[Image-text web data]
_ _ _ _ _ _ _

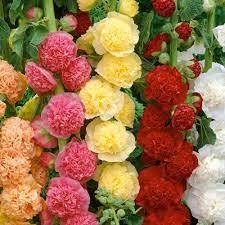 Hollyhock Dwarf Flower Seeds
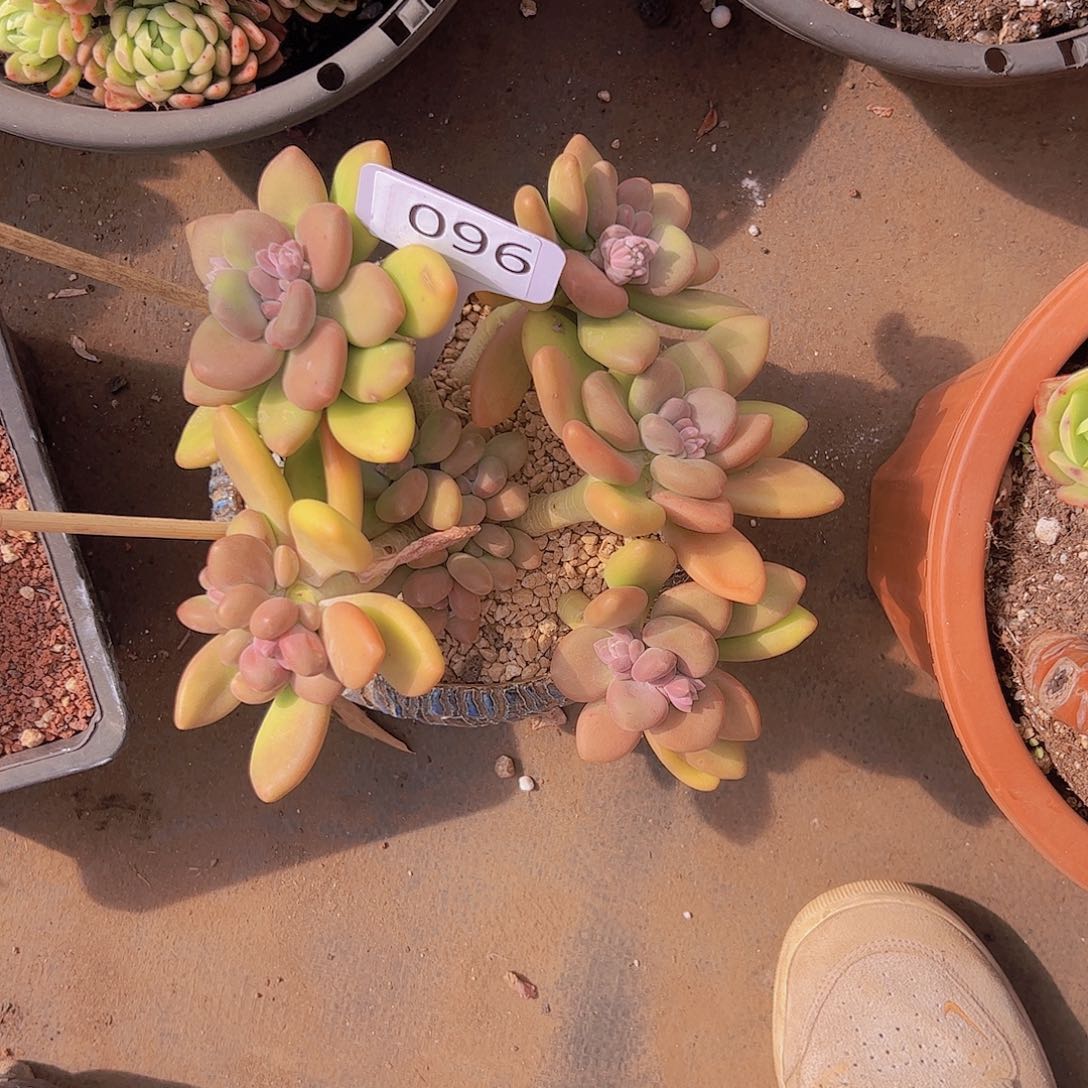 光****狂096芒果奶48。。。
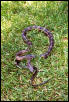 Texas Rat Snake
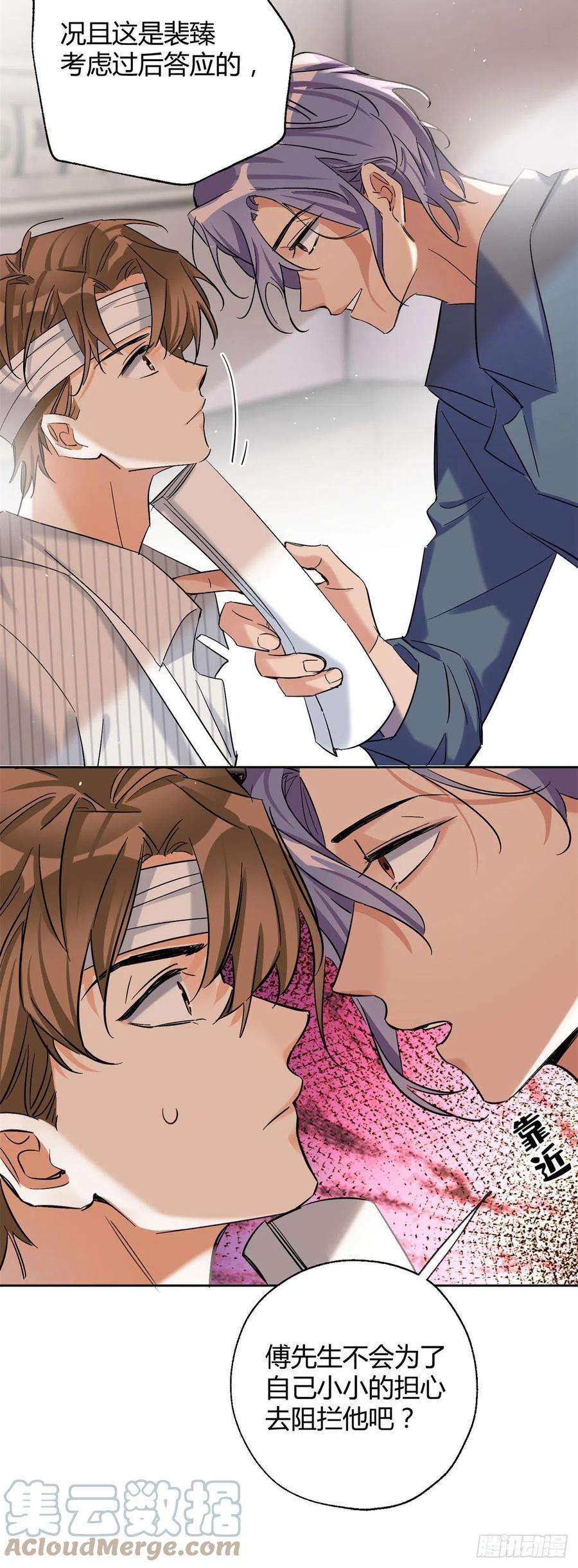 今天也要努力当只猫56 迎亲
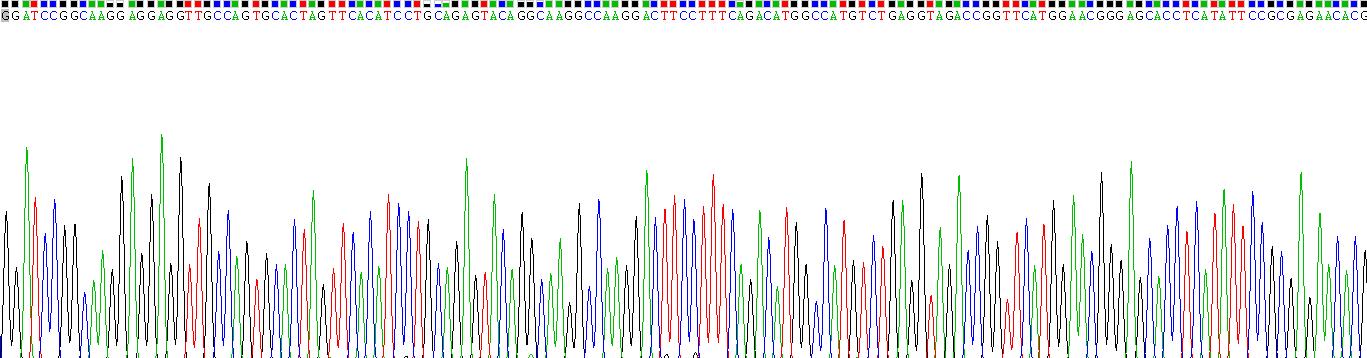 突觸Ras GTP酶激活蛋白1(SYNGAP1)重組蛋白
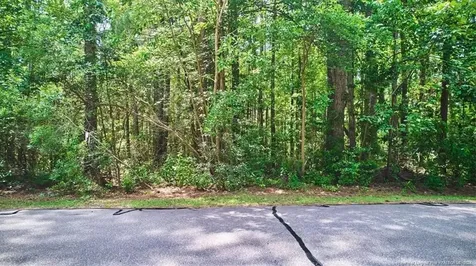 16 Lakeshore Wagram NC 28396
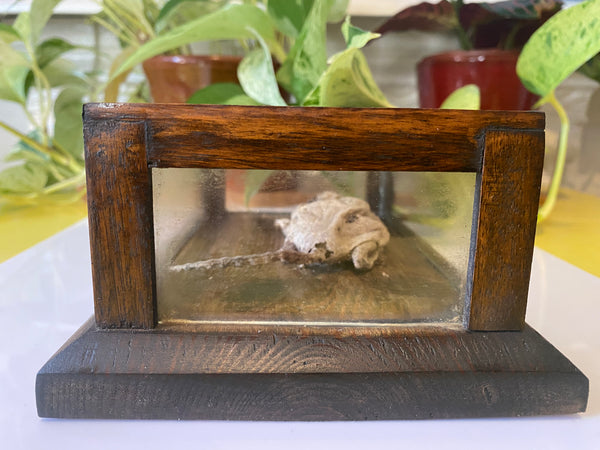 *RESERVED FOR TOM*Antique Early 20th Century Macabre Memorial Curiosity - Source Vintage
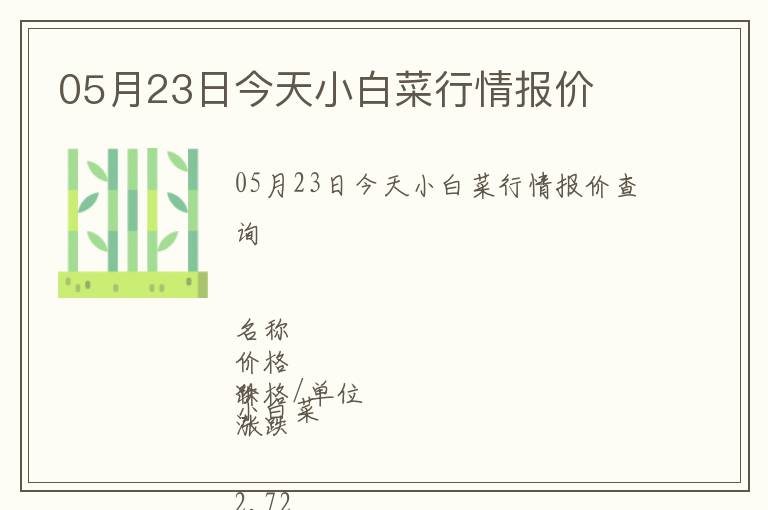 05月23日今天小白菜行情報價
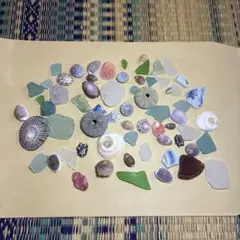 【503】シーグラス　貝殻　マツバガイ　サザエ　タカラガイ　ウノアシ　巻貝　ウニ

_ _ _ _ _ _ _

**EXERCISE BRIEF**
Output each record precisely as it appears, and drop every picture.

**COMPLETED EXERCISE**
 Hollyhock Dwarf Flower Seeds
 光****狂096芒果奶48。。。
 Texas Rat Snake
 今天也要努力当只猫56 迎亲
 突觸Ras GTP酶激活蛋白1(SYNGAP1)重組蛋白
 16 Lakeshore Wagram NC 28396
 *RESERVED FOR TOM*Antique Early 20th Century Macabre Memorial Curiosity - Source Vintage
 05月23日今天小白菜行情報價
 【503】シーグラス　貝殻　マツバガイ　サザエ　タカラガイ　ウノアシ　巻貝　ウニ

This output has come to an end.